Banemaster: The Adventure
- Cardbacks to Banemaster:The Adventure CCG
- Designers: Alexander Duncan
- Publishers: Chessex/Tiger Ltd.
- Players: 2 or more
- Setup time: < 5 minutes
- Playing time: < 60 minutes

= Banemaster: The Adventure =

Collectible card game

Banemaster: The Adventure is an out-of-print collectible card game by Tiger Ltd. and Chessex. The goal was to tell a story with your cards.

==Publication==
It was released in August 1995. The original set had at least 305 cards, though the exact number is not officially known.

==Reception==
Steve Faragher reviewed Banemaster for Arcane magazine, rating it a 3 out of 10 overall. Faragher comments that "it's an introduction to RPGs written by somebody who's never played one, that could only be found interesting by someone not yet into puberty."

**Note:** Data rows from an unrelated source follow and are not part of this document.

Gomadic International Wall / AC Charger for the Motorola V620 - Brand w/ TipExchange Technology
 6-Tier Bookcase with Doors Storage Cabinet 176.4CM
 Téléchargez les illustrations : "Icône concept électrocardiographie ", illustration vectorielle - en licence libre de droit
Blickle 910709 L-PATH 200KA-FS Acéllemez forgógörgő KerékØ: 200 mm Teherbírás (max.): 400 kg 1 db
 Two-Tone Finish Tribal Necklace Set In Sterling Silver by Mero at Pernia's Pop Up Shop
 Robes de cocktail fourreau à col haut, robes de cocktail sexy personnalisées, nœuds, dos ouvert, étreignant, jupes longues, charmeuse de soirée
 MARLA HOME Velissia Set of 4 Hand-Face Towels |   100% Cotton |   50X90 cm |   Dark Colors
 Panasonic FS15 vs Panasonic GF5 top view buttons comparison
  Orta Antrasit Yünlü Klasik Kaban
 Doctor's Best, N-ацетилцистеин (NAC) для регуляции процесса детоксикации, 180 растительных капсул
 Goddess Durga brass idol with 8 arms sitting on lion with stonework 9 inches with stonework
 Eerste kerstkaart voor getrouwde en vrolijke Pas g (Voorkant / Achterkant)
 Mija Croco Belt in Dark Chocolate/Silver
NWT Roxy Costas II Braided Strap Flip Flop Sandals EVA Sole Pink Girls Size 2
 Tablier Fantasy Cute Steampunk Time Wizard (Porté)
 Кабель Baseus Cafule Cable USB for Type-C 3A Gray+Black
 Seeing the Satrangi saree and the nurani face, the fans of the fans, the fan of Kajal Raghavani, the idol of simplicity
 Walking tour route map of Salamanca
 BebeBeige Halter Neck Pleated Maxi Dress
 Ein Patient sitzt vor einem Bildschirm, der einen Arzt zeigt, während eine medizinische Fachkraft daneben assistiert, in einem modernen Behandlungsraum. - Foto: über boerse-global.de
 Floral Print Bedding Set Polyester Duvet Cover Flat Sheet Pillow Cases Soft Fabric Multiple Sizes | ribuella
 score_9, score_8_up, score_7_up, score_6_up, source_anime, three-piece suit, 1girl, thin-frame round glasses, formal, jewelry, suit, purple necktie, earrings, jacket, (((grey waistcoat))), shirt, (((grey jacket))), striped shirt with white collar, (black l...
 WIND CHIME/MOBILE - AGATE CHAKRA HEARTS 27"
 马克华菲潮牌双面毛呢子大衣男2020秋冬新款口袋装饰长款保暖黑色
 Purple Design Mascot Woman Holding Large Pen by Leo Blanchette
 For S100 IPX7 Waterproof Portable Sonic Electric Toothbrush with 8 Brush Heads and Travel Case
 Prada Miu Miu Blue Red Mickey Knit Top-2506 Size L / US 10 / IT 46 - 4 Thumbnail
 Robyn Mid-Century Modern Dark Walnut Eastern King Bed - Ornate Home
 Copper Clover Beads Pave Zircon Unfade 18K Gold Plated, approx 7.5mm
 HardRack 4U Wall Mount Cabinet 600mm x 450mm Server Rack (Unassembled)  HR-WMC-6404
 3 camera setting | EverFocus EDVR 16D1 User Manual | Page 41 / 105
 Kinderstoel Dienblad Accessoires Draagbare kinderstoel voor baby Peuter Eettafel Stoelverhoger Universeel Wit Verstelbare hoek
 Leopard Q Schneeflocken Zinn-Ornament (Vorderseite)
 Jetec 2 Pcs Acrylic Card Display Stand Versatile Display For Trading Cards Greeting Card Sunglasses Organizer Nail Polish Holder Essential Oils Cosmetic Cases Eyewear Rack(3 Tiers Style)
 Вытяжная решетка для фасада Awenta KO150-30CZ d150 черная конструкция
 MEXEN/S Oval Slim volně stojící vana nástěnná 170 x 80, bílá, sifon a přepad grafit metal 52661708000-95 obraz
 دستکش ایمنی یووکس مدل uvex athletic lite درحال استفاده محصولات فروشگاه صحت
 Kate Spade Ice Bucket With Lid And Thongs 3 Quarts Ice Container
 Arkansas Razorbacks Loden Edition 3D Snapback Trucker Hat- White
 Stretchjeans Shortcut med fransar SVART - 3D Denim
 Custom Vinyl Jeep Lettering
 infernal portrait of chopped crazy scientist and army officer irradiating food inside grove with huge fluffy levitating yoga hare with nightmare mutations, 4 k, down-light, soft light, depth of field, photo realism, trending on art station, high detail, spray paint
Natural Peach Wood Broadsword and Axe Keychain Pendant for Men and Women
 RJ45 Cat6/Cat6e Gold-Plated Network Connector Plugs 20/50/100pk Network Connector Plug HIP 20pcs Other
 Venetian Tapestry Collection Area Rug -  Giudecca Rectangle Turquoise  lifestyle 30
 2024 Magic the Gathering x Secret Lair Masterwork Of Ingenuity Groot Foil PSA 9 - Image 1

According to John Jackson Miller of Scrye, the game is considered a failure, therefore the only remaining game element is determining the exact card list for the set. The company announced the set had 234 cards, but to date 305 have been documented. The goal was to tell a story with your cards.

Designed by Alexander Duncan, the game attempted to bring more role-playing game elements to the gameplay, but suffered from poor art choices, some of which were too gruesome for kids. Allen Varney of The Duelist reviewed the game as for "people with wood-burning stoves" suggesting the game was terrible.